[XFS updates] XFS development tree branch, master, updated. v2.6.34-19248-g2bfc96a

xfs@xxxxxxxxxxx · Mon, 30 Aug 2010 13:29:22 -0500

This is an automated email from the git hooks/post-receive script. It was
generated because a ref change was pushed to the repository containing
the project "XFS development tree".

The branch, master has been updated
  b5420f2 xfs: do not discard page cache data on EAGAIN
  3b93c7a xfs: don't do memory allocation under the CIL context lock
  a44f13e xfs: Reduce log force overhead for delayed logging
  1a387d3 xfs: dummy transactions should not dirty VFS state
  2fe3366 xfs: ensure f_ffree returned by statfs() is non-negative
  efceab1 xfs: handle negative wbc->nr_to_write during sync writeback
  4536f2a xfs: fix untrusted inode number lookup
  5b3eed7 xfs: ensure we mark all inodes in a freed cluster XFS_ISTALE
  d17c701 xfs: unlock items before allowing the CIL to commit
  5f248c9 Merge branch 'for-linus' of git://git.kernel.org/pub/scm/linux/kernel/git/viro/vfs-2.6
  b57922d convert remaining ->clear_inode() to ->evict_inode()
  a4ffdde simplify checks for I_CLEAR/I_FREEING
  fa9b227 xfs: new truncate sequence
  155130a get rid of block_write_begin_newtrunc
  eafdc7d sort out blockdev_direct_IO variants
  90e0c22 Merge branch 'for_linus' of git://git.kernel.org/pub/scm/linux/kernel/git/jack/linux-fs-2.6
  ade7ce3 quota: Clean up the namespace in dqblk_xfs.h
      from  6b0a2996a0c023d84bc27ec7528a6e54cb5ea264 (commit)

Those revisions listed above that are new to this repository have
not appeared on any other notification email; so we list those
revisions in full, below.

- Log -----------------------------------------------------------------
commit b5420f235953448eeae615b3361584dc5e414f34
Author: Christoph Hellwig <hch@xxxxxxxxxxxxx>
Date:   Tue Aug 24 11:47:51 2010 +1000

    xfs: do not discard page cache data on EAGAIN

    If xfs_map_blocks returns EAGAIN because of lock contention we must redirty the
    page and not disard the pagecache content and return an error from writepage.
    We used to do this correctly, but the logic got lost during the recent
    reshuffle of the writepage code.

    Signed-off-by: Christoph Hellwig <hch@xxxxxx>
    Reported-by: Mike Gao <ygao.linux@xxxxxxxxx>
    Tested-by: Mike Gao <ygao.linux@xxxxxxxxx>
    Reviewed-by: Dave Chinner <dchinner@xxxxxxxxxx>
    Signed-off-by: Dave Chinner <dchinner@xxxxxxxxxx>

commit 3b93c7aaefc05ee2a75e2726929b01a321402984
Author: Dave Chinner <dchinner@xxxxxxxxxx>
Date:   Tue Aug 24 11:45:53 2010 +1000

    xfs: don't do memory allocation under the CIL context lock

    Formatting items requires memory allocation when using delayed
    logging.
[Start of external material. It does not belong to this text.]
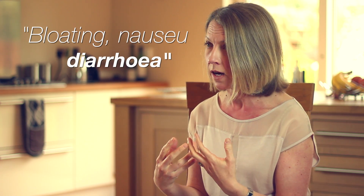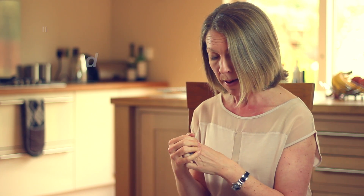Some of the classic symptoms of celiac disease are abdominal pain, which can be very severe, bloating, feeling of nausea, diarrhoea, and weight loss — which is quite a common symptom because you're not absorbing the nutrients properly.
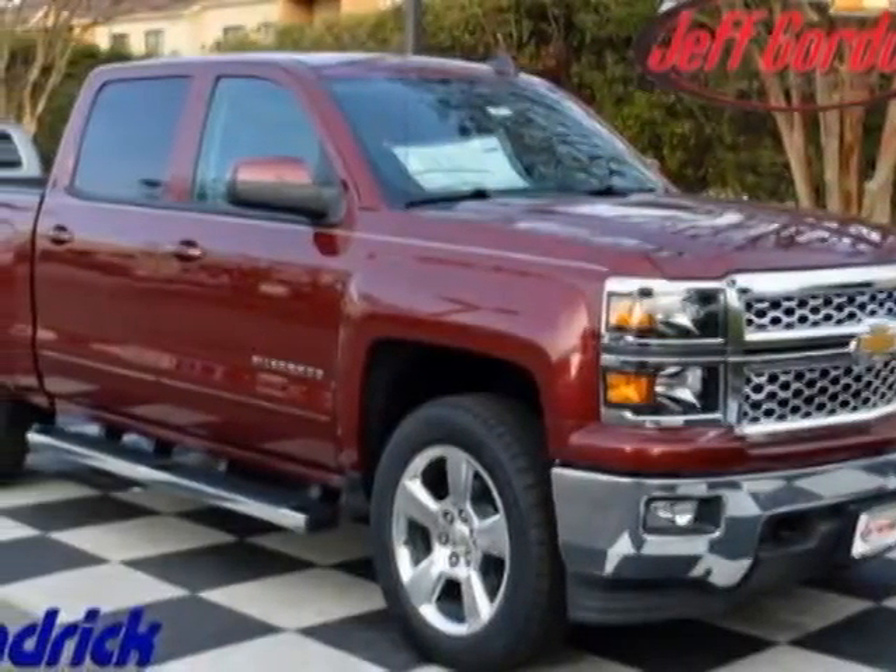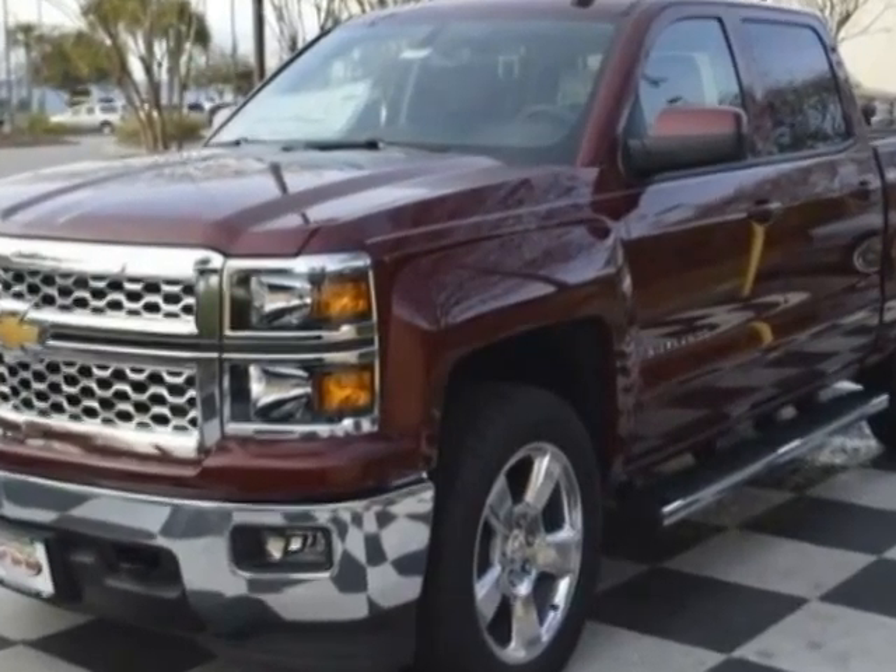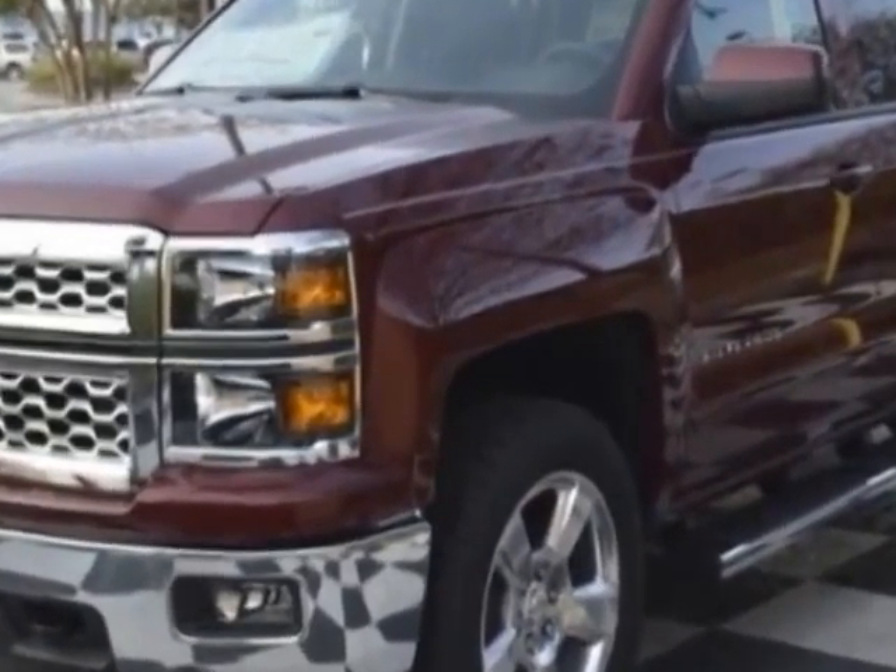Check out this new 2015 Chevrolet Silverado 1500. For your protection, this vehicle has a full factory warranty.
Currently that memory allocation is done while holding the
    CIL context lock in read mode. This means that if memory allocation
    takes some time (e.g. enters reclaim), we cannot push on the CIL
    until the allocation(s) required by formatting complete. This can
    stall CIL pushes for some time, and once a push is stalled so are
    all new transaction commits.

    Fix this splitting the item formatting into two steps. The first
    step which does the allocation and memcpy() into the allocated
    buffer is now done outside the CIL context lock, and only the CIL
    insert is done inside the CIL context lock. This avoids the stall
    issue.

    Signed-off-by: Dave Chinner <dchinner@xxxxxxxxxx>
    Reviewed-by: Christoph Hellwig <hch@xxxxxx>

commit a44f13edf0ebb4e41942d0f16ca80489dcf6659d
Author: Dave Chinner <dchinner@xxxxxxxxxx>
Date:   Tue Aug 24 11:40:03 2010 +1000

    xfs: Reduce log force overhead for delayed logging

    Delayed logging adds some serialisation to the log force process to
    ensure that it does not deference a bad commit context structure
    when determining if a CIL push is necessary or not. It does this by
    grabing the CIL context lock exclusively, then dropping it before
    pushing the CIL if necessary. This causes serialisation of all log
    forces and pushes regardless of whether a force is necessary or not.
    As a result fsync heavy workloads (like dbench) can be significantly
    slower with delayed logging than without.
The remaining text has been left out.